The gameplay is simple but also requires quick thinking. The right stick allows you to move the cursor around as needed and the face buttons allow you to perform actions. Yes, there’s plenty of zombie killing but the game really comes down to making decisions and living with them. You will have to make choices, some of which have lives at stake, and live with it. Characters will change their opinions of Lee based on what the player chooses to do or say. You may have to back someone in an argument at the cost of losing a valuable ally later on. Then there’s Clementine, a young girl that Lee meets early on the game, who becomes dependent on him. The fate of Clementine’s parents are unknown and Lee vows to protect her from walkers and anything else that may come along the way. Thankfully, Clementine can hold her own and is quite useful, otherwise this would feel a bit like a five episode escort mission.
The social aspect of the game requires players to balance and think of many different aspects. It’s up to the player to make Lee their own and decide whether to lie, be honest, or go somewhere in between. This is really where The Walking Dead shines because it’s as though the characters are dynamic human beings. They won’t forget and if you choose to stretch the truth it may be something that comes back to bite later. Be sure to also hold on to things that may be otherwise meaningless, because you never know how they can come to be of use later on. You’ll quickly learn how useful a pillow can be in a pinch.
Even better than the gameplay is the game’s art style. It almost looks as though it is a comic brought to life and if I had to make a comparison the closest I can think of is Borderlands. The characters actually show emotion, something that many games lack even though you’re making life changing decisions at every turn. While the game is a pleasure to look at there are some small problems in the details. Blood, in theory, should ooze down and not float in midair and look like a pop-up book. Some things in the background, like boarded up doors and windows, look a bit blurry and unrecognizable until you get close up. These are minor though and I would wager most gamers would glance over the former and look past the latter.

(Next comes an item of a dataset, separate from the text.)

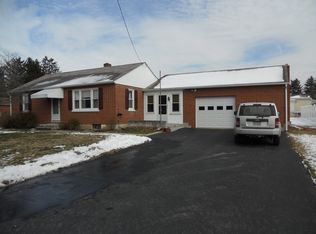 9 Park Circle Dr, Lancaster, PA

“A New Day” sets the tone for the series and will leave players craving more. Upon completing the game you even get a teaser of what to expect next time. Personally, I cannot recommend the game for $4.99 because the season pass ($19.99) is a great deal and even saves gamers some cash. Trust me when I say that you will want to see what happens next to Lee, Clementine, and the others. Give The Walking Dead a chance to sink its teeth into you and you’ll find that it is nearly impossible to put down.